I can remember that feeling, and I can imagine what my life in New York would be like if I hadn’t moved. I probably would have felt the earthquake from my second floor apartment, while I was writing, or more likely, reading something frivolous online. I would have holed up with some friends in Clinton Hill and watched movies for the Hurricane. On the anniversary of September 11, I would have remembered my awkward and uncertain reaction during my first week of college, when I went to top floor of my dorm and could see smoke from the fallen Twin Towers.  

But as I write this, the farm’s border collie is playing with a dead mouse. With all the thinking that went into leaving New York, I had no idea that on August 31,, I would be watching a dog who just licked my hand lick the inside of a rodent.

So there’s that.  Also, this is true every year.  

Car Crowding

“I don’t know if I want to be good at car camping,” Truman said on our tenth day on the road, and our fifth night in a tent.

And fair enough: car camping is neither luxurious nor outdoorsy. There are conveniences, like access to showers that take quarters and having bear-attracting odors locked safely in the car. But the fact is, you’re sleeping in a tent and cooking food on a glorified bunson burner. On our third night in Yellowstone, Truman said, “We haven’t had vegetables in four days.” We had even gone through the carrots we had brought as emergency roughage.

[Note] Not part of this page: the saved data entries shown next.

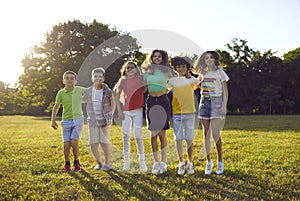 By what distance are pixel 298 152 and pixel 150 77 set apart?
3.34 metres

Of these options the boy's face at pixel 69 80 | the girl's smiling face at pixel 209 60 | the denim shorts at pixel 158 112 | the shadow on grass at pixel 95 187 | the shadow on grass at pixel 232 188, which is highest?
the girl's smiling face at pixel 209 60

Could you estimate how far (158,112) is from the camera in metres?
4.24

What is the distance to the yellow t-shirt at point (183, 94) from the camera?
425cm

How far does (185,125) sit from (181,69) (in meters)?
0.80

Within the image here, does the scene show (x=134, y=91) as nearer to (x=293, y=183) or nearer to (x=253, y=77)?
(x=293, y=183)

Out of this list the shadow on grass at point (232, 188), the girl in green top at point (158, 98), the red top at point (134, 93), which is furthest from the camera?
the red top at point (134, 93)

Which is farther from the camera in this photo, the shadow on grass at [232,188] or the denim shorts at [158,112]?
the denim shorts at [158,112]

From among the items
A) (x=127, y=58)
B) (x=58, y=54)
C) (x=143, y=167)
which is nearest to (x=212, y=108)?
(x=143, y=167)

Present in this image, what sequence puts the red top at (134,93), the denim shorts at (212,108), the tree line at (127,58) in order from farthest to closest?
1. the tree line at (127,58)
2. the red top at (134,93)
3. the denim shorts at (212,108)

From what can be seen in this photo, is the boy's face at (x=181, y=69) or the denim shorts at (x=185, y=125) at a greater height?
the boy's face at (x=181, y=69)

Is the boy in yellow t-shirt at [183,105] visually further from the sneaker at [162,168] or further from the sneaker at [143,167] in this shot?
the sneaker at [143,167]

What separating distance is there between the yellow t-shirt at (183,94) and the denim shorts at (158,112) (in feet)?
0.42

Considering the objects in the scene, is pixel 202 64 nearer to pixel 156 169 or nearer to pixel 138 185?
pixel 156 169

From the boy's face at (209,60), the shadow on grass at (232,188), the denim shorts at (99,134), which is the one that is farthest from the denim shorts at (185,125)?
the denim shorts at (99,134) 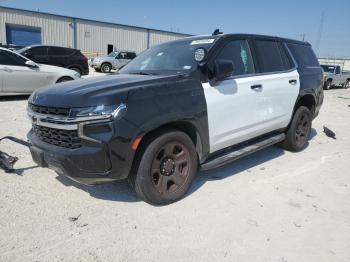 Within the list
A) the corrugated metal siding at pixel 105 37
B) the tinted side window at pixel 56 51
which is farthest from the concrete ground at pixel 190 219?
the corrugated metal siding at pixel 105 37

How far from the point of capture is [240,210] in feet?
12.0

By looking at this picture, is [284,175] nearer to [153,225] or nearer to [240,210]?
[240,210]

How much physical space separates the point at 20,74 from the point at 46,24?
1100 inches

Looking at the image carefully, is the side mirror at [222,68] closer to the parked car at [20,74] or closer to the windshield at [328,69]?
the parked car at [20,74]

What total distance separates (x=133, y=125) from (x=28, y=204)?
1523 millimetres

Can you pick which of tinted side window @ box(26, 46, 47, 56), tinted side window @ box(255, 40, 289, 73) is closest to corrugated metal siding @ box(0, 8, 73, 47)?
tinted side window @ box(26, 46, 47, 56)

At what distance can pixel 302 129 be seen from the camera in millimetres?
5945

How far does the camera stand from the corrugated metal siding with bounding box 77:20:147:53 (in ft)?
121

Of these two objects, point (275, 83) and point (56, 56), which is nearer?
point (275, 83)

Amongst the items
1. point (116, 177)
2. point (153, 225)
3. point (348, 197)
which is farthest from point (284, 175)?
point (116, 177)

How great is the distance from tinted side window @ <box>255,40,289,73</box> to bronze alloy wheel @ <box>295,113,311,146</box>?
106 cm

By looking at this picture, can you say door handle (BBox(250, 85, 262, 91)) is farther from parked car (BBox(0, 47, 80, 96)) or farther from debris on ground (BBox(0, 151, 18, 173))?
parked car (BBox(0, 47, 80, 96))

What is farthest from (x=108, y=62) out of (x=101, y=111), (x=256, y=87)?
(x=101, y=111)

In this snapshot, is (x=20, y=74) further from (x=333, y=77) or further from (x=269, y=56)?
(x=333, y=77) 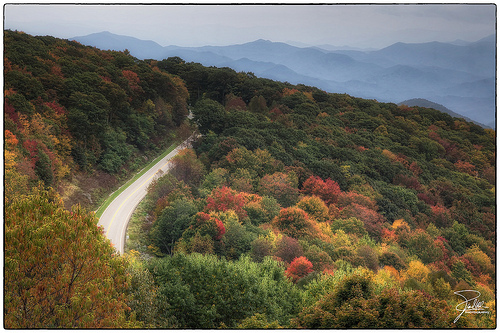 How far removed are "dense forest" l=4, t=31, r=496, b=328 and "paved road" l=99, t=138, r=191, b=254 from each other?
0.85 metres

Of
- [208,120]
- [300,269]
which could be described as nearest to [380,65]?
[208,120]

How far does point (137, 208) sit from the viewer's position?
26.1m

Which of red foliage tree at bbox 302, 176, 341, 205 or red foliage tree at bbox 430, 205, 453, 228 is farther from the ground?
red foliage tree at bbox 302, 176, 341, 205

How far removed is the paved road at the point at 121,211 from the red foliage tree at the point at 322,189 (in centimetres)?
1522

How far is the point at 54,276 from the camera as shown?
10594mm

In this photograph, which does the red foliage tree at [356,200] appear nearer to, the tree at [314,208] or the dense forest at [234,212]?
the dense forest at [234,212]

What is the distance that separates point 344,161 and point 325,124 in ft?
44.4

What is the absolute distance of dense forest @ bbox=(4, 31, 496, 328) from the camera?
11.2m

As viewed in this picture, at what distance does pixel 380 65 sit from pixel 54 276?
1812 inches

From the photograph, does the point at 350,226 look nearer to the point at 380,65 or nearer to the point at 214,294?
the point at 214,294

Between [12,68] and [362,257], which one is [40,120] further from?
[362,257]

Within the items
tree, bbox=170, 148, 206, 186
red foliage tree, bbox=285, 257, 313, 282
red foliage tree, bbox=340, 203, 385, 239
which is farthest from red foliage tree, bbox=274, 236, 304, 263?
tree, bbox=170, 148, 206, 186

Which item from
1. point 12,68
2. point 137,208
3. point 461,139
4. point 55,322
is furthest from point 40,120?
point 461,139

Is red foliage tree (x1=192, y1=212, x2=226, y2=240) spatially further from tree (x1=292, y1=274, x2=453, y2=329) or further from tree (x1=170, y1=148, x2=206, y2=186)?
tree (x1=292, y1=274, x2=453, y2=329) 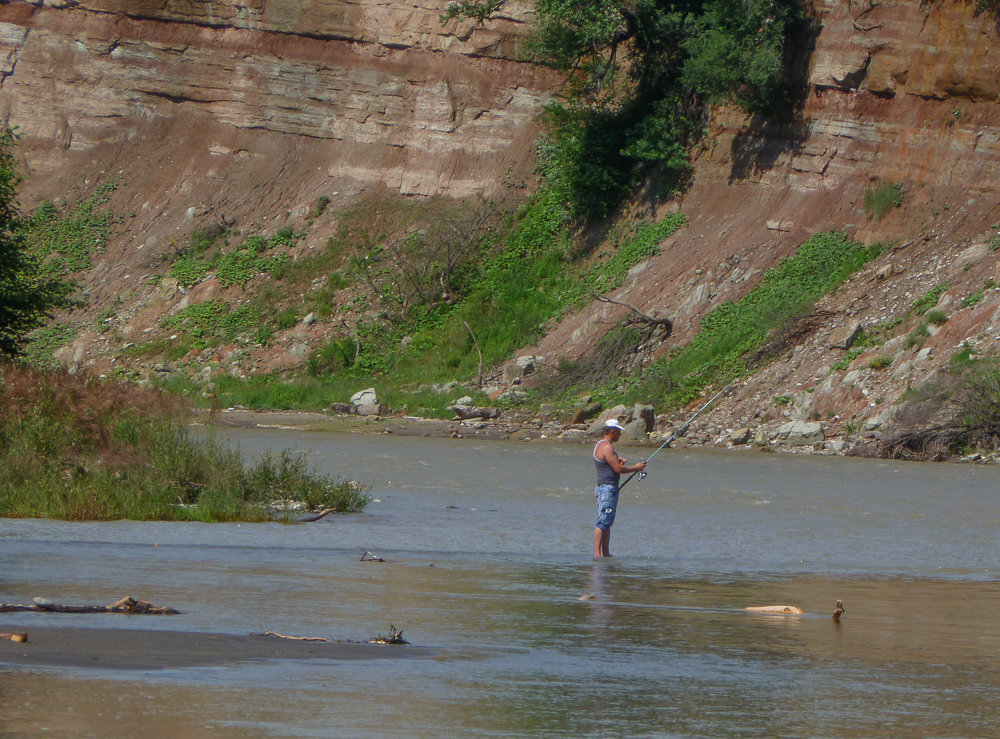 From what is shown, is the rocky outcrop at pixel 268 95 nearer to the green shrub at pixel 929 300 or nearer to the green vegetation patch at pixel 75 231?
the green vegetation patch at pixel 75 231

But after driving more than 4000 miles over three weeks, and camping in Iowa, South Dakota, Wyoming, Utah and now Colorado, we know how to do it. Some tips: you can’t have too many reusable bags and bottles filled with water. Small treats, like chocolate and wine, go a long way. Buy firewood when the opportunity presents itself.

Yesterday was the last night we will spend out of a car. We knew where to stay: we found a site by a small tributary to the Colorado River. We knew how to be friendly: we ran out of fuel for our stove, but asked around and were able to borrow another camper’s spare. And we knew how to cook: we made brown rice with herring and avocado with a side of steamed broccoli.

But the pleasantness of last night was in part because we were in Rifle, CO, a small town 100 miles north of a national park I had never heard of. We’re here because Truman’s grandmother grew up here.

There isn’t much tourist industry in Rifle. The mountains aren’t too tall and the rivers aren’t too wide. But that’s what I like about modest beauty. It’s still beautiful, but there are no crowds.